# Garneau Carbon Bibs - gone through 3 pairs in 2 seasons - normal?



## FasterStronger (Jun 6, 2014)

Like the title says - I have gone through 3 pairs in 2 seasons.
A little more info:
I hand wash after every ride and let them drip dry.

1st issue was last year aprox 2 months after purchase - one of them came apart at the seam.
They were promptly replaced by garneau.
2nd issue - the replacement pair developed a run in the material - they are being replaced as well.
So those 2 have not even done a complete season.
The I noticed that my original pair has a run right where I sit - down to the chamois.

Anyone experience this?
is this considered normal wear and tear. I don't expect them to last forever - but would hope for more thanI have gotten out of them.

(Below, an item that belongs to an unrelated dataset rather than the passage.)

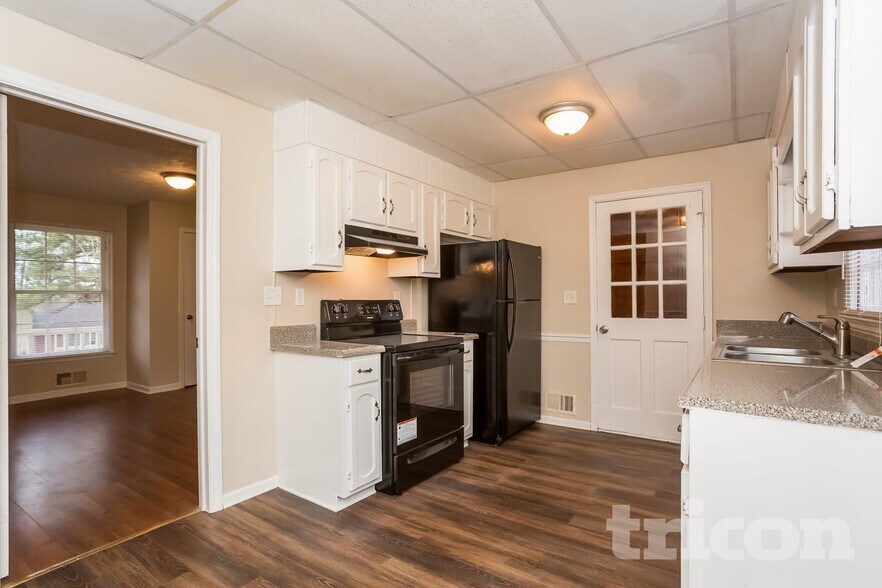 Building Photo - 1686 Underwood Dr SE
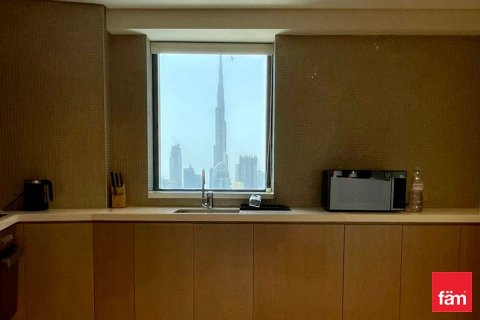 Business Bay, Dubai, UAE의 임대용 아파트 침실 3개, 162제곱미터 번호 502926 - 사진 8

Other than that - I love the fit and feel - but the Chamois feels lacking in my original pair as well - maybe has weakened over time?


----------



## Jay Strongbow (May 8, 2010)

No, I wouldn't consider that normal wear and tear.

What's been normal wear and tear in my experience is after 3500 miles or so (guessing but around that) they just kind of lose it. Not ripped or any visible problems, just that the spendex kind of loses it's stretch/compression power and things get sloppy and they get uncomfortable.


----------



## FasterStronger (Jun 6, 2014)

Thanks for the feedback Jay. Seemed premature to me - time to hop around for another brand.
On another note - I bought a pair of Biemme bibs @ the GFNY and love the feel and fit.


----------



## skinewmexico (Apr 19, 2010)

I thought the chamois (airgel) in all of my LG bibs felt like it was going south, so I called LG to ask if I had washed them wrong. LG said send them in for inspection, and they replaced all 4 pair. Not really an answer, but I think I could tell mine were going away. Still surprised they warranteed them.


----------